Invariably, individuals who come into contact with Curry and his team are intrigued—not only by their work, but also by the potential of their efforts to create cohesion among humanity. Their events are raising awareness around gun violence prevention and, perhaps most importantly, sowing the seeds of conversation.

Amidst what he calls second amendment gridlock, Curry underscores it’s all about safeguarding families—especially those with young children, teenagers, and guns that are not properly locked and stored. “30,000 people a year take their lives. By guns. And a lot of the time that’s because [there is a gun] in the attic, or the basement, or in the garage—[and] it’s available in the moment of crisis,” says Curry. At the Guthrie Center, local police will be giving away free gun locks; still, Curry and team are encouraging everyone to consider for themselves: Are our guns really safely locked? Do we really need this gun? Or is it enough of a danger to us that we should voluntarily turn it in?

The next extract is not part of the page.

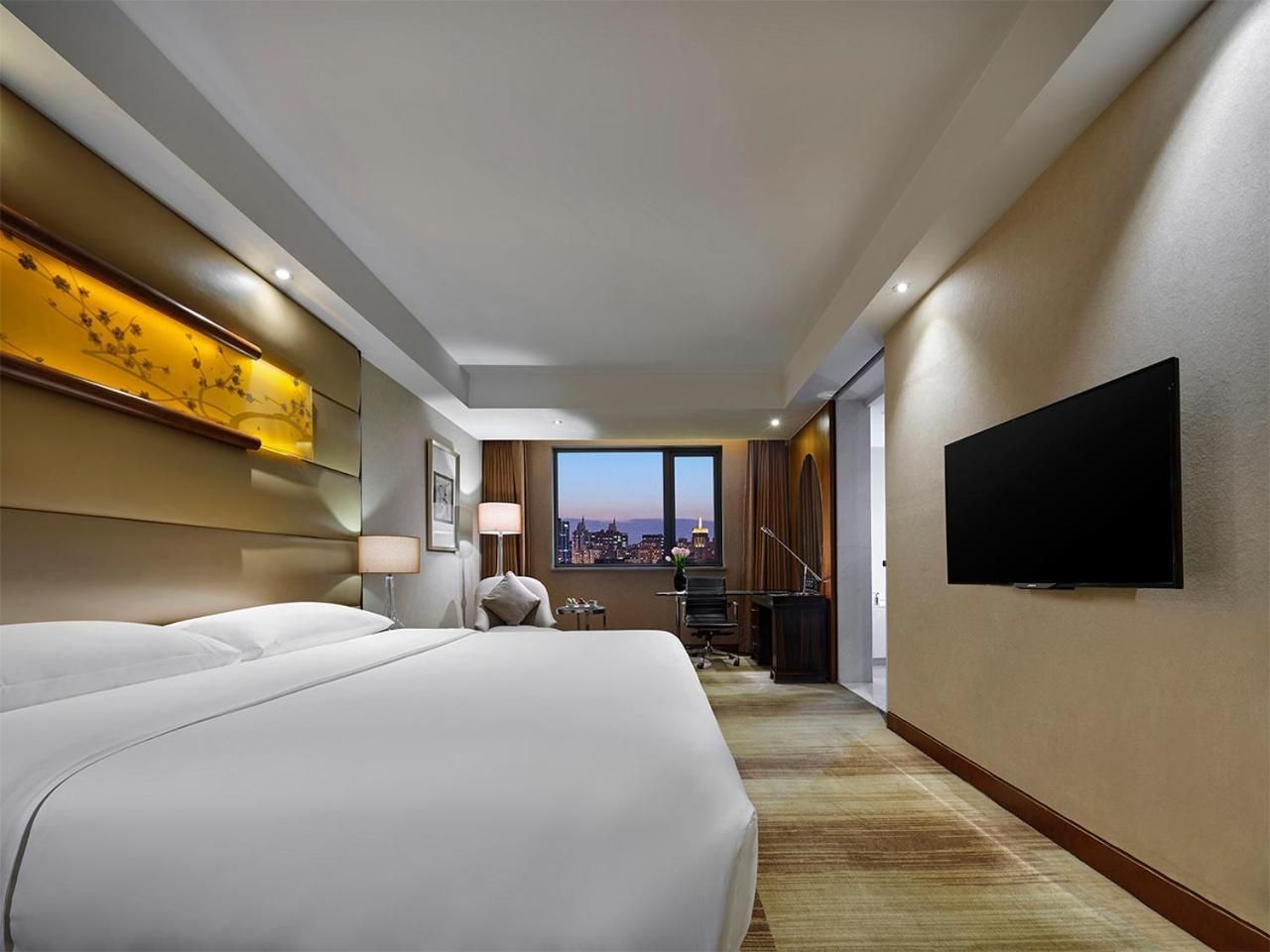Executive City View King Room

“There is nothing as empowering as taking the hammer to the gun part—metal that had been part of a weapon of great potential harm—and hammering it into a garden tool,” says Curry, whose sentiments Rathbone echoes:

“It’s a rare and extraordinary feeling, hammering what used to be a gun nozzle into a trowel, and it is our hope that people will leave feeling both more empowered and more hopeful.”

NOTE: The Right Reverend James E. Curry is a retired Bishop Suffragan of the Episcopal Church in Connecticut. He is a founding member of Bishops United Against Gun Violence and a contributor to the anthology, “Reclaiming the Gospel of Peace.” He is a Co-Founder of Swords to Plowshares and a Board member of Mothers United Against Violence in Hartford. Jim serves as Head of Operations and Chief Blacksmith creating the tools that are the final output of the group and organizing demonstrations with community and religious groups throughout the Northeast. He has a B.A. from Amherst College, an M.Ed in counseling from UMass, and an M.Div. and D.D. from Berkeley Divinity School at Yale.